Our income is taxed in a progressive manner. As your income increases, it slips into higher tax brackets where it's taxed at a higher rate. But before your income is subject to these tax brackets, it must exceed your exemption and standard deduction. Otherwise you pay no tax.
*Tax-free thresholds and filing status:
For 2013, your personal exemption is $3,900 no matter what your filing status is.
If you are filing single then your standard deduction is $6,100; it with your personal exemption totals $10,000. So, if you're filing as 'single' then $10,000 is your tax threshold; you're only taxed on income greater than this.
If you're filing married, your standard deduction is $12,200 - twice the single standard deduction. Increasing this amount by two times the personal exemption makes the married tax threshold $20,000. You can see it's just 2 x the single filing standard deduction and tax threshold.
Only that amount of income beyond threshold is taxed at the income tax rates given below - for single and for married filers.
If, as a single filer, you're 65 or older your standard deduction is increase by $1,200 to $7,300 putting your tax-free threshold at $11,200. You also get another $1,200 increase if you are blind.
And if you're both over 65 and married filing jointly, your tax-free threshold doubles to $22,400.
So now that you know your tax-free income threshold, let's see what the income tax rate is on any income that exceeds your threshold as a single and as a married filer.
*Income tax brackets:
Income is excess of your appropriate tax-free threshold is subject to federal income tax. The tax rate depends on that excess income above your threshold income. The excess income has a tax bracket amount and tax rate that depends on your filing status.
These bracket rates are: 10 % beginning at $1 excess for single and $1 also for married filing jointly; then it jumps to 15% above an excess of $8925 for single and $17,850 for married; then 25% for excess income above $36,250 single and $72,500 for married; 28% above $87,850 single and $146,400 married, 33% above $183,250 single and $223,050 married, 35% $398,350 single, $398,350 married, 39.6% $400,000 single and $450,000 married. You can see that the rates converge for same income whether single or married at higher incomes.
*Investment tax rates:
Your investment income that's subject to yearly taxation (i.e. not part of a tax-deferred qualified plan) is composed of interest, dividends and capital gains and losses from sales in that year. All interest income is added to your working income. So it's subject to your highest tax bracket rate if you consider it's added on top of your working income.
All non-qualified dividends and short term (held for 1 year or less before selling) capital gains are added to your working income just like your interest income. So they're taxed at the highest tax bracket rates they bring you into.
Both long term capital gains and qualified dividends are taxed at lower tax rates. Presently, that rate depends on your excess income and brackets are ascribed to these rates too.

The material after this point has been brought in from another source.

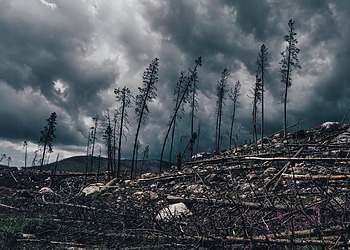 A dark, cloudy sky looms over a desolate forest with fallen trees and barren landscape.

The rates for both your long term capital gains and qualified dividends have a rate based on your excess income and your filing status. These bracket rates are: 0% (i.e. there's no tax) for single below $36,250 and for married below $72,500; 15% for single above $36,250 and for married above $7250; and the last bracket is at 20% for single above $400,000 and married above $450,000.
Now that you know how you will be taxed on what income, you can plan to minimize your exposure to higher tax rates by deferring gains or taking capital gain losses, or other approaches.